Stock indexes enable you to gauge the overall direction of the markets. If the markets are strong, it is also a sign of a healthy economy and vice versa. Stock market indexes provide an easy benchmark against any stocks or asset you wish to compare with. Investors naturally want their stocks and portfolios to perform better than the "crowd." Stock market indexes let you measure your performance against the market.
You can also measure volatility and market risk with a market index. The VIX index measures the expected market volatility of the S&P 500 index. When the VIX is high, it indicates more volatility and selling. When the VIX is low, markets tend to rise. The consumer price index (CPI) measures the inflation rate, which can trigger the U.S. Federal Reserve (Fed) to adjust monetary policy and make interest rate changes, impacting the stock market.

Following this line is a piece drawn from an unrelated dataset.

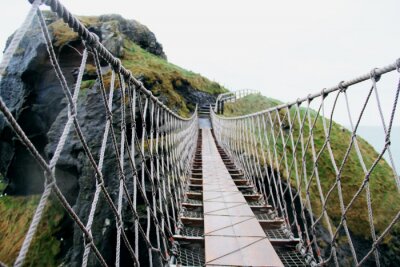 Fototapete Brücke mit Leinen in Gebirgen
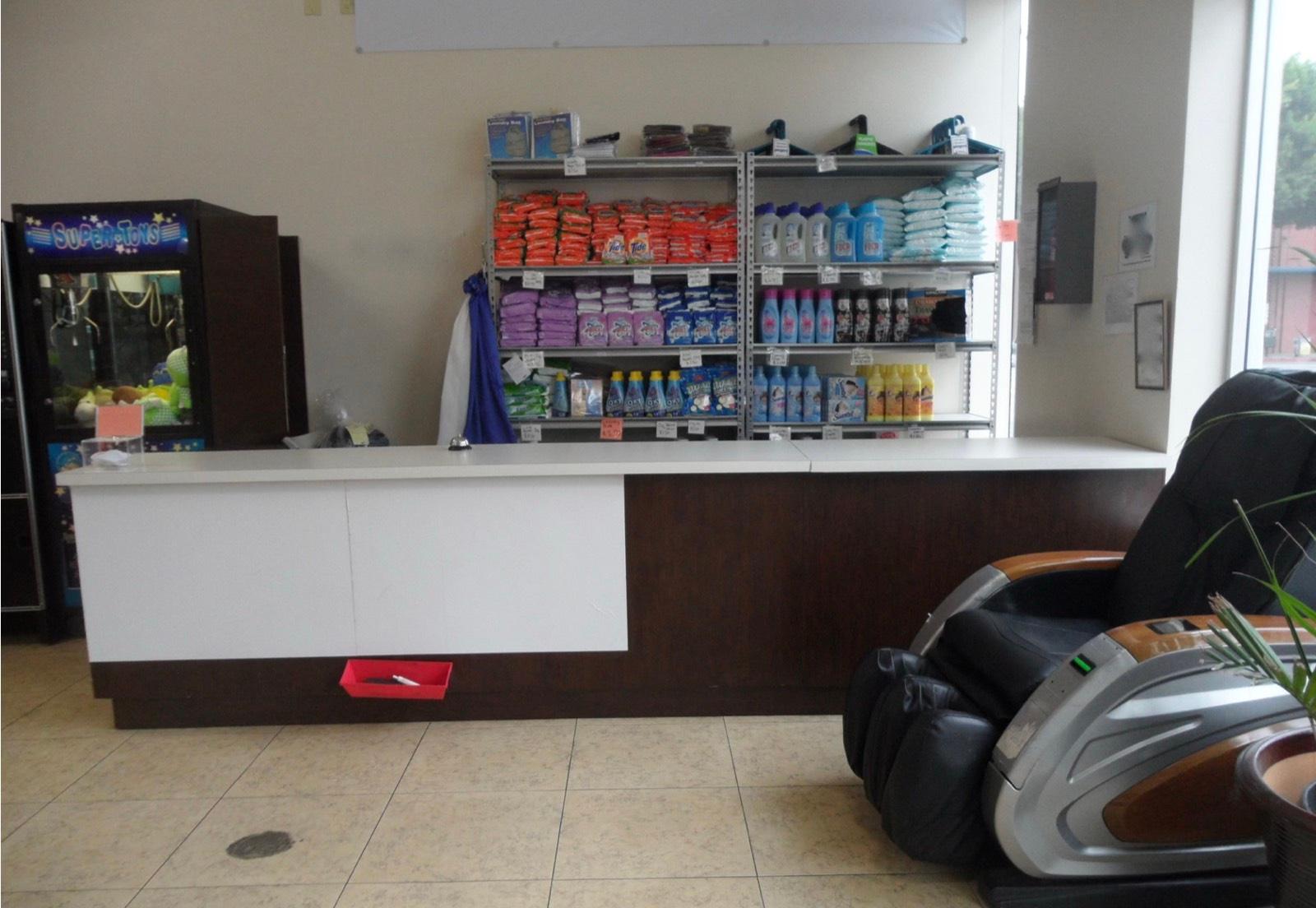 D's Huge Laundromat — photo 1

When they say the stock market has outperformed every financial instrument in the past century, they refer to the stock market indices. There is a misunderstanding in believing that the index represents every stock. For example, the Dow Jones Industrial Average started with 12 companies' stocks and has grown to 30 large-cap companies that represent the performance of the U.S. stock market. However, it's not comprehensive, considering that there are over 6,000 stocks in the U.S. stock market. It is likely the most common benchmark index to most people in the country and is usually referred to the most on the nightly news.
Types of Market Indexes
Indexes can focus on specific themes or categories. There are many different types of stock market indices. What are the indexes? Here are some of the most common indexes you will find.
Benchmark Market Indexes
These indexes are the most commonly used and represent the large sections of the total stock market. These are the benchmark indexes used when you hear stock market performance stats on the radio or television. Benchmarks compare and measure performance. Here are the three most common broad-based market indexes:
- The S&P 500 index represents the 500 or so leading U.S. large-cap companies.
- The Dow Jones Industrial Average (DJIA) represents 30 large-cap leading U.S. companies.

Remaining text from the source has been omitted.